As John Whitehead put it:

‘Anger at what had happened and the determination to avenge the deaths of Snarleyow and the Driver’s Brother are surely sufficient justification for the shocking language in the seventh stanza’.
[Hardy to Larkin: seven English poets, (Hearthstone Publications, 1995).
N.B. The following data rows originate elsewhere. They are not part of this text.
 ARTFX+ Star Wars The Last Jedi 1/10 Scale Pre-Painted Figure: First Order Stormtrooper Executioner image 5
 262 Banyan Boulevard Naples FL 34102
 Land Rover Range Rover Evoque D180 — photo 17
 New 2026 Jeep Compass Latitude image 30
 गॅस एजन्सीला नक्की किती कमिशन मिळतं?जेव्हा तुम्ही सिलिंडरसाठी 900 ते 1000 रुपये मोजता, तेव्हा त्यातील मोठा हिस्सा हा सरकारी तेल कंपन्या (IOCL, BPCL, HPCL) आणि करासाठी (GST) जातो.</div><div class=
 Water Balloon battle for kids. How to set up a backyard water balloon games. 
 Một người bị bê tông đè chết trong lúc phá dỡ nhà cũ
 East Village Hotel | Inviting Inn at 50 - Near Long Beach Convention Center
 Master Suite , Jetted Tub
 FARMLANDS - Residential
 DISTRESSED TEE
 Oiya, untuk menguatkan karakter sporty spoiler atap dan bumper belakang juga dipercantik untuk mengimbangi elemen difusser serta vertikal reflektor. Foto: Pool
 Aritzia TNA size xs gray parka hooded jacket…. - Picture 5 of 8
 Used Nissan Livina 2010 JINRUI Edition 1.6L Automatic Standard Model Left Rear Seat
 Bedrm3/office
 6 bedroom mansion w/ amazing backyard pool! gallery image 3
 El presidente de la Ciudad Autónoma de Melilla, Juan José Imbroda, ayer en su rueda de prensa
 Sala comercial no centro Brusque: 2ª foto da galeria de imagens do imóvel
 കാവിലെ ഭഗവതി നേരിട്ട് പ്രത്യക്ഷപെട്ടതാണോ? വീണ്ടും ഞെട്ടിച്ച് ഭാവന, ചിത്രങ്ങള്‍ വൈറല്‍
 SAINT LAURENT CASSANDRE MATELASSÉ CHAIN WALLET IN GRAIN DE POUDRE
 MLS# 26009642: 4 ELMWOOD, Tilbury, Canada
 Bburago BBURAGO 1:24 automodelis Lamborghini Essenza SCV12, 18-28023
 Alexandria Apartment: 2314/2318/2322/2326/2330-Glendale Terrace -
Although the word ‘nigger’ could have been used to indicate a black person in everyday English speech in Kipling’s day, and long after, without any special racial emphasis, in these circumstances a soldier would have been likely to use it as a derisive epithet or term of abuse, just as soldiers of every race and creed have always found something derogatory to call their enemies.

[Line 32] ‘…when the case begun to spread.’ Case shot was used with smooth-bore, muzzle loading guns as a last resort against infantry or cavalry at very close range. It consisted of a charge of propelling gunpowder behind a cluster of small cast-iron golf-ball sized shot packed in a canvas bag, with a metal plate between powder and shot. On leaving the muzzle, the bag ruptured and the shot spread out in a deadly cone.